[PROVIDED RECORDS Boundary: Start]

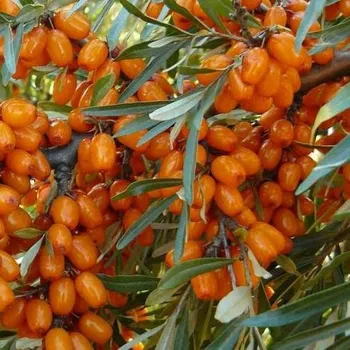 Sazenice Hippophae rhamnoides Pantělejevská 30/40 cm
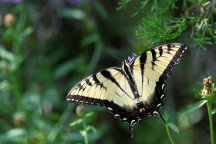 Eastern Tiger Swallowtail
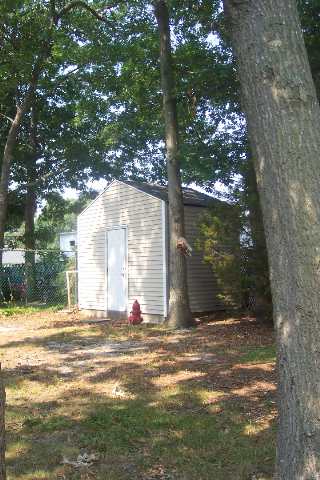 655 7th Street Somers Point, NJ 08244 - Photo 3 of 3 Gallery Image 3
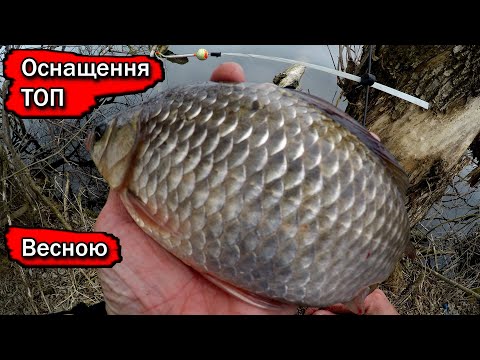 Видео: Риболовля на бічний кивок і весняна мормишка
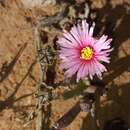 Image of Ruschia goodiae L. Bol.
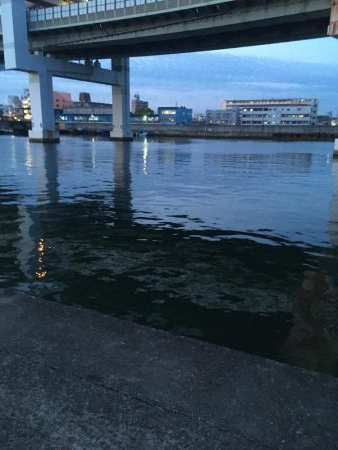 @バチシーバスとまさかの年無しチヌ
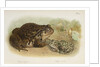 Common toad (Bufo vulgaris) and European green toad (Bufo viridis) by Anonymous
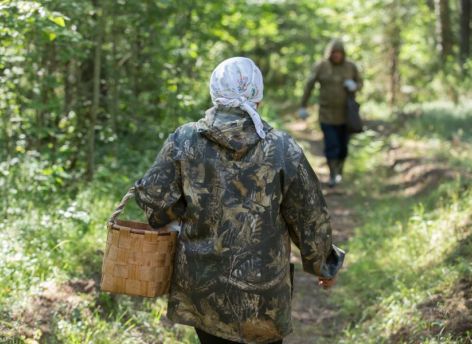 ​Спасатели нашли в лесу пропавших югорчанок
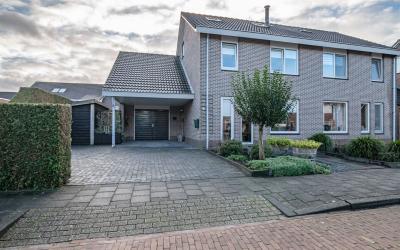Fazant 17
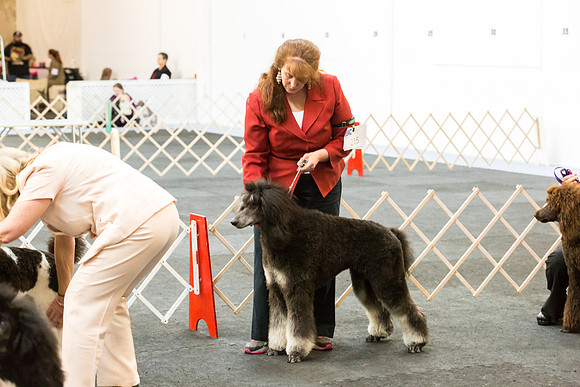 Poodles Sat S2 Ring Candids Mona Stilson-AddisonUKC_JJL1963-HR3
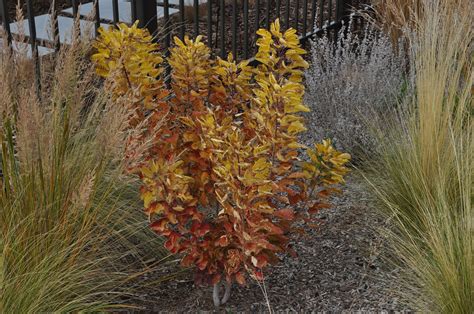 Winecraft Gold Smoketree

[PROVIDED RECORDS Boundary: End]

§ **ACTION ITEM**
Copy exactly the lines that run from the line containing "Common toad (Bufo" to the end of the data, keeping both end lines and dropping every picture.

§ **EXERCISE SOLUTION**
 Common toad (Bufo vulgaris) and European green toad (Bufo viridis) by Anonymous
 ​Спасатели нашли в лесу пропавших югорчанок
Fazant 17
 Poodles Sat S2 Ring Candids Mona Stilson-AddisonUKC_JJL1963-HR3
 Winecraft Gold Smoketree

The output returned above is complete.